Task instructions:
Repeat the listing below line by line, exactly, leaving its pictures behind.

Supplied material:

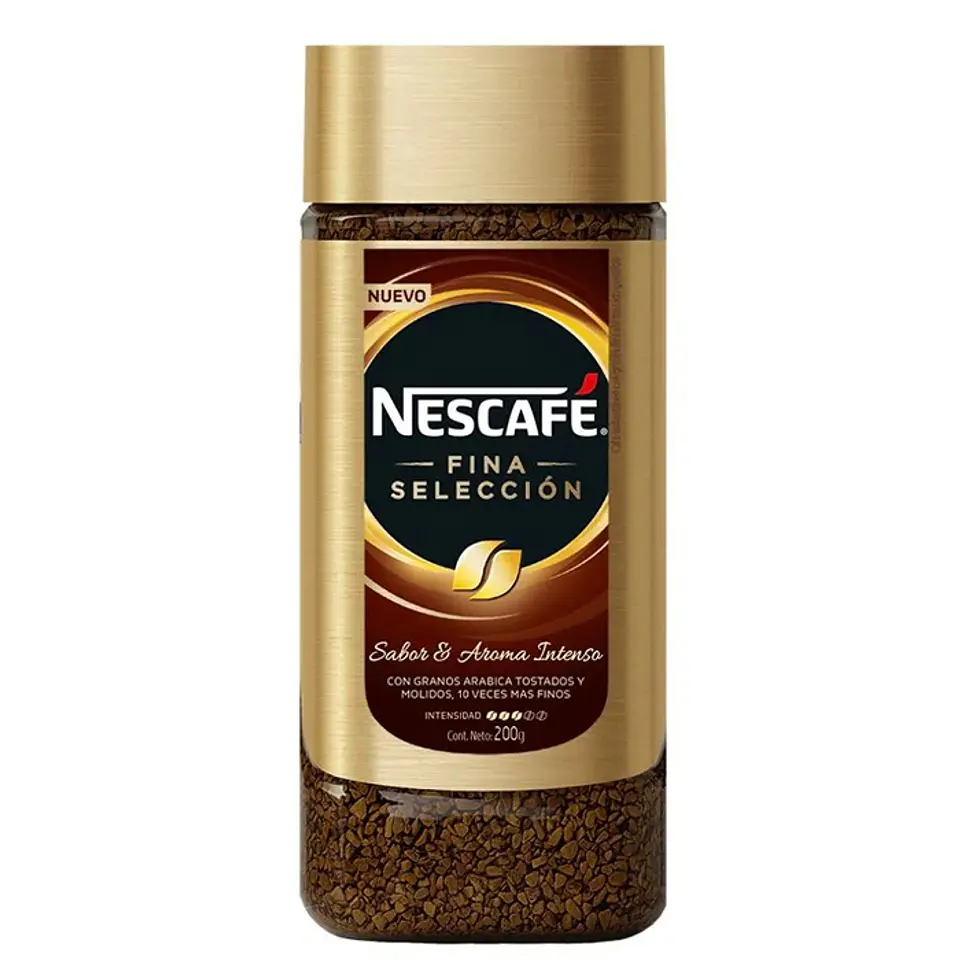 Café Liofilizado Fina Selección Frasco 200 g 1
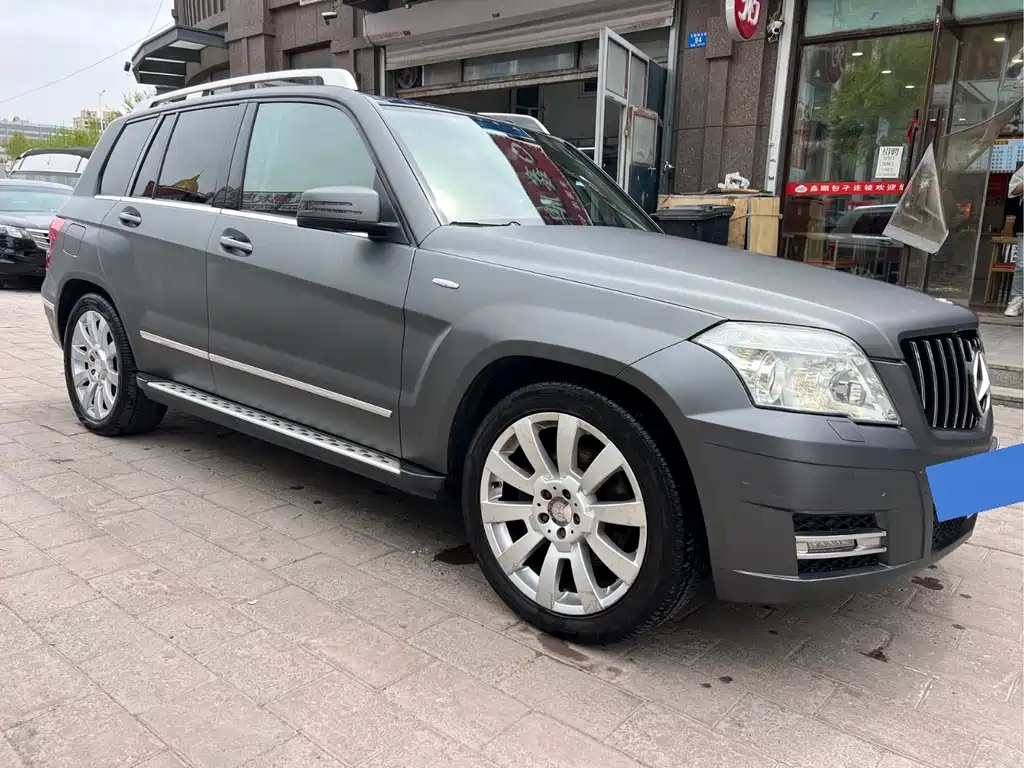 Mercedes-Benz GLK-Class — миниатюра 3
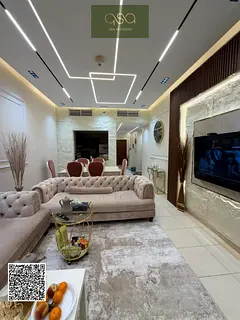 Don't miss this opportunity! Located in the heart of the city, near Ajman Beach, this two-bedroo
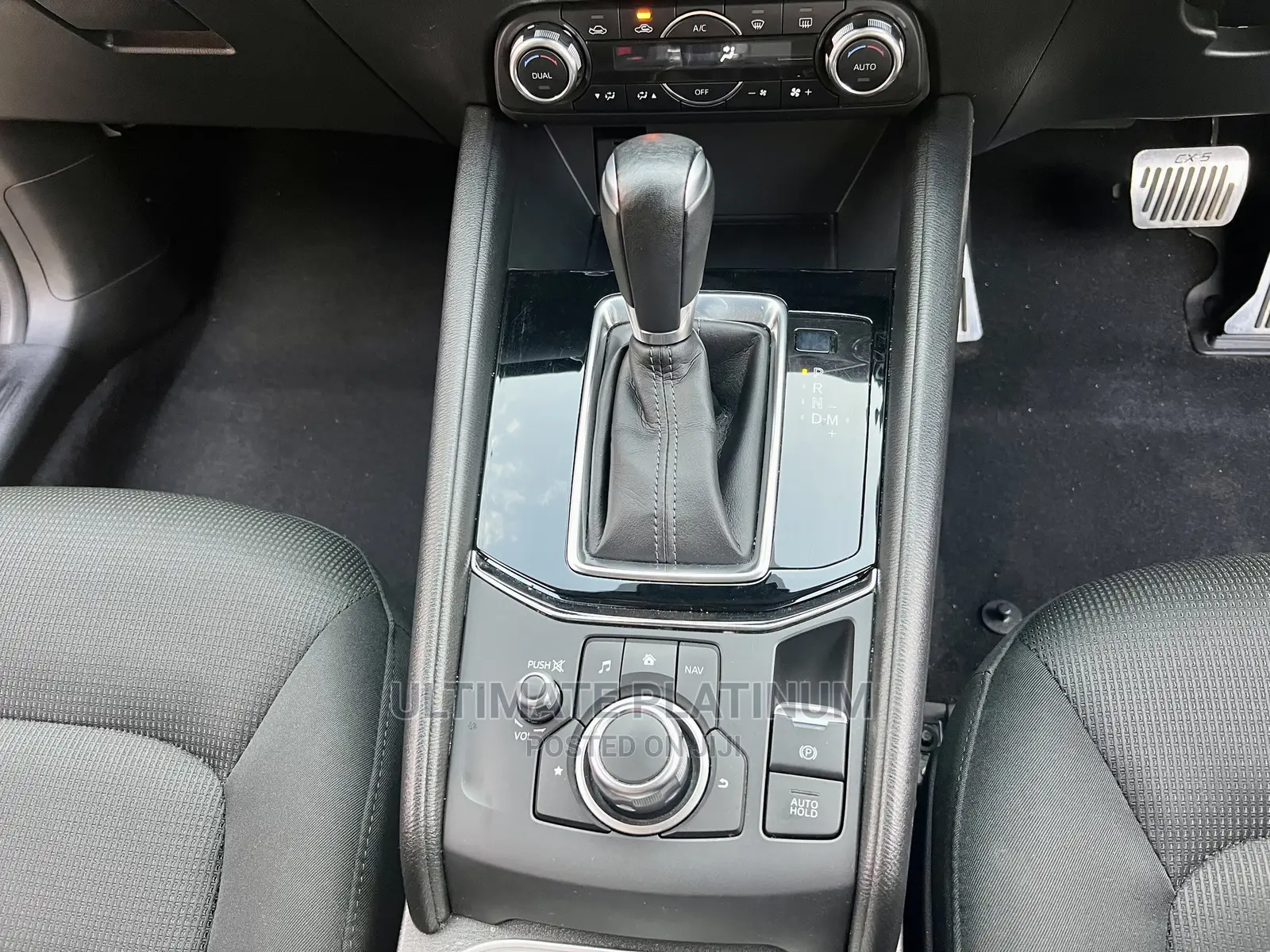 Mazda CX-5 2018 Gray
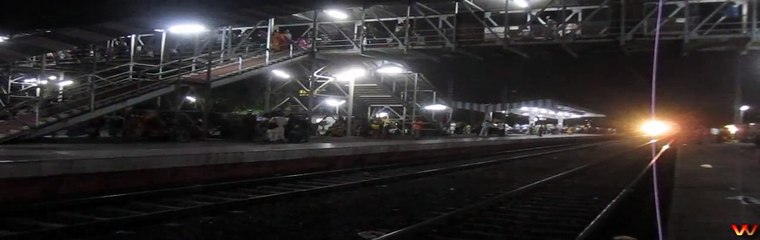 WAM-4 21 Coach Steel Superfast thunders Bagnan !!!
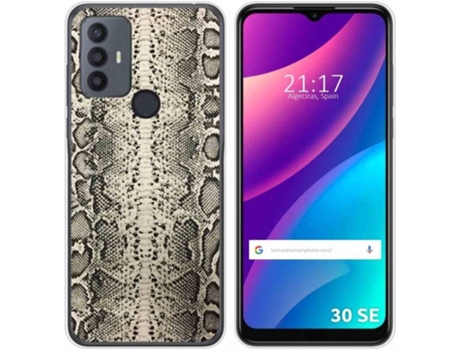 Carcasa para TCL 30 SE TUMUNDOSMARTPHONE Dibujos Animal 01 Multicolor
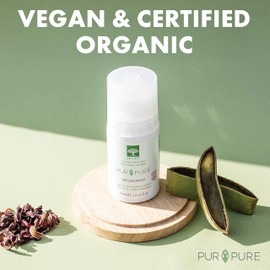 Roll-On Deodorant, Organic, Natural Body Care Beauty – protection For Skin Prone To Eczema & Psoriasis – 65 ml (2.2 oz Bottle Size Tea Tree Made in Canada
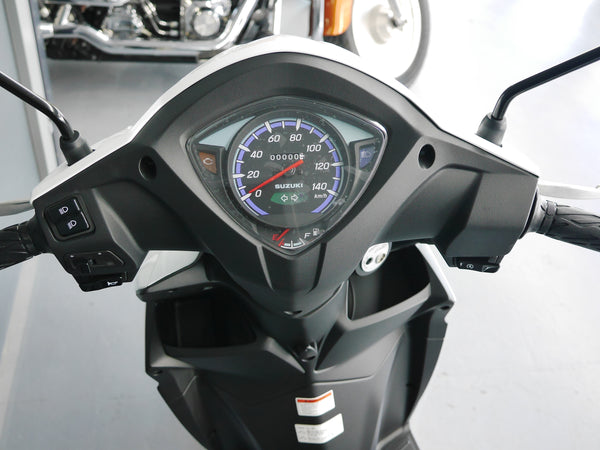 2023 SUZUKI UK110 WHITE as new
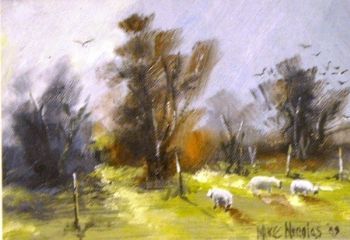 "Three Sheep RESERVED"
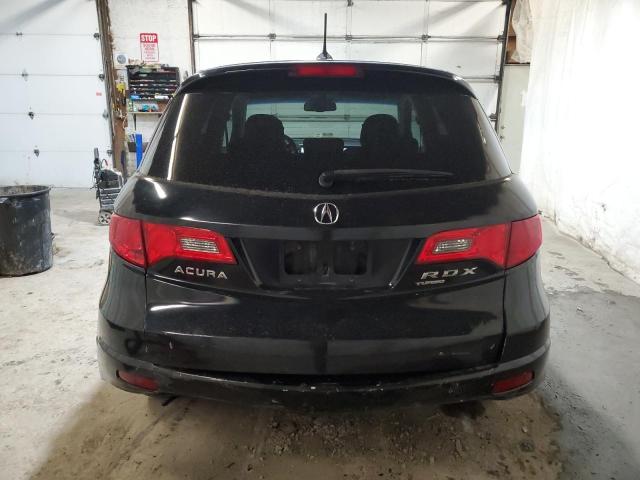 5J8TB18568A013260 - 2008 ACURA RDX TECHNOLOGY BLACK photo 6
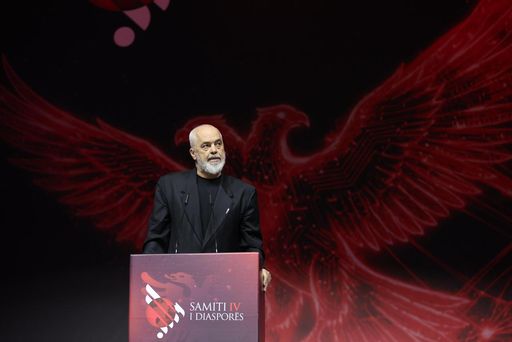 Rama në Samitin e Diasporës  Shqipëria 2030 në BE është zgjedhje qytetërimi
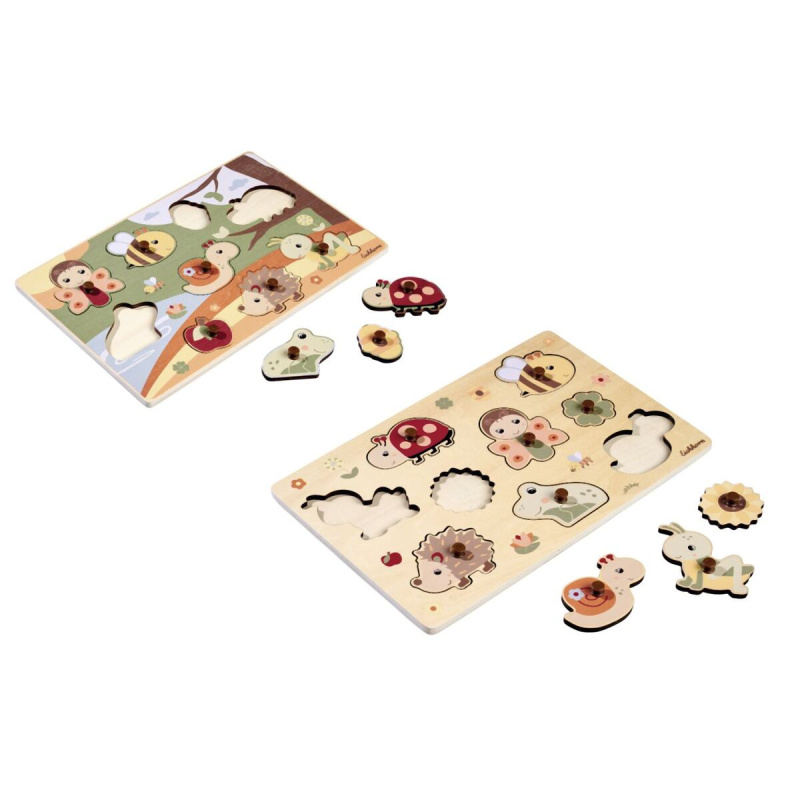 Dřevěné puzzle 9 dílků – 28 × 18 cm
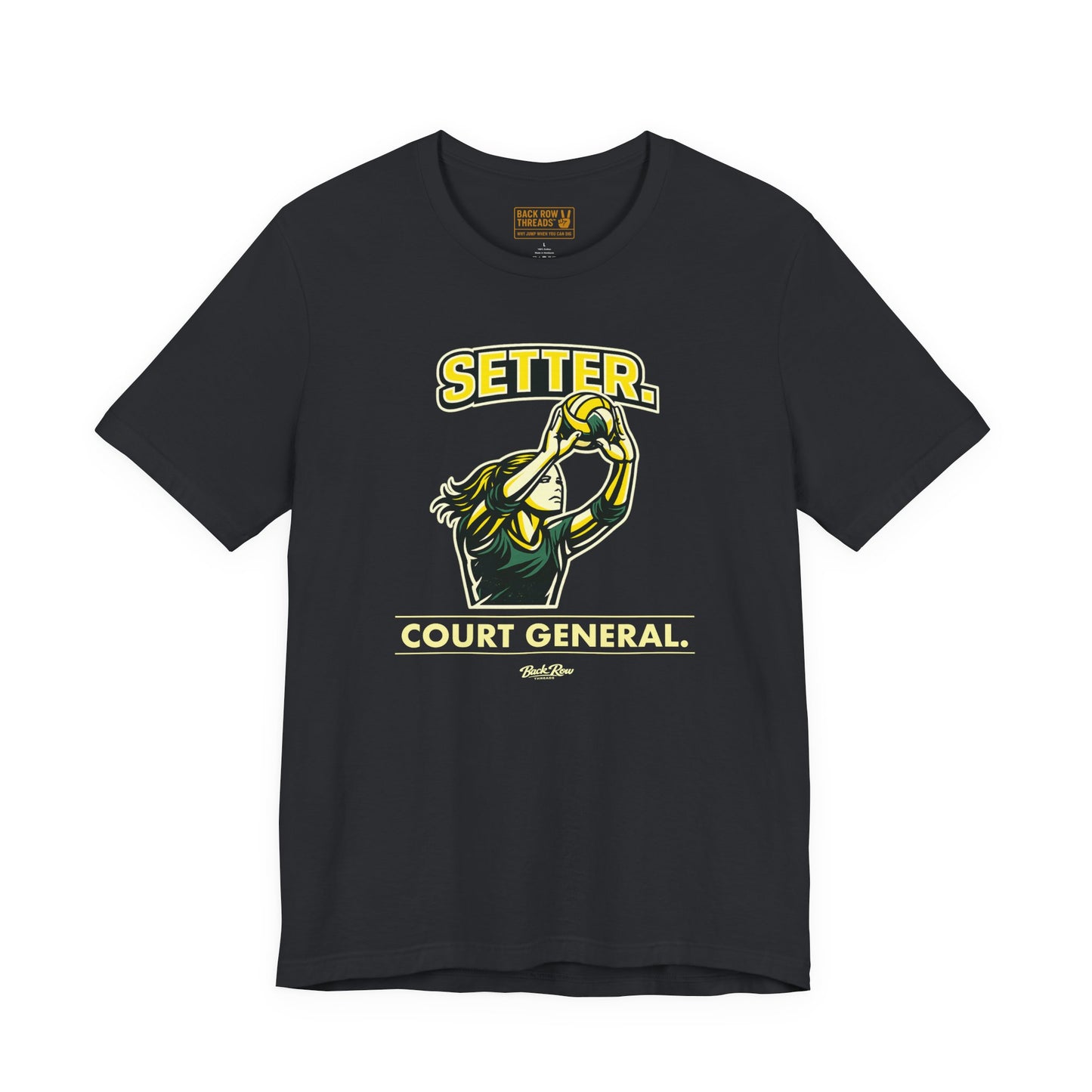 🏐 Setter - Set the Tone –  Volleyball T-Shirt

Your solution:
 Café Liofilizado Fina Selección Frasco 200 g 1
 Mercedes-Benz GLK-Class — миниатюра 3
 Don't miss this opportunity! Located in the heart of the city, near Ajman Beach, this two-bedroo
 Mazda CX-5 2018 Gray
 WAM-4 21 Coach Steel Superfast thunders Bagnan !!!
 Carcasa para TCL 30 SE TUMUNDOSMARTPHONE Dibujos Animal 01 Multicolor
 Roll-On Deodorant, Organic, Natural Body Care Beauty – protection For Skin Prone To Eczema & Psoriasis – 65 ml (2.2 oz Bottle Size Tea Tree Made in Canada
 2023 SUZUKI UK110 WHITE as new
 "Three Sheep RESERVED"
 5J8TB18568A013260 - 2008 ACURA RDX TECHNOLOGY BLACK photo 6
 Rama në Samitin e Diasporës  Shqipëria 2030 në BE është zgjedhje qytetërimi
 Dřevěné puzzle 9 dílků – 28 × 18 cm
 🏐 Setter - Set the Tone –  Volleyball T-Shirt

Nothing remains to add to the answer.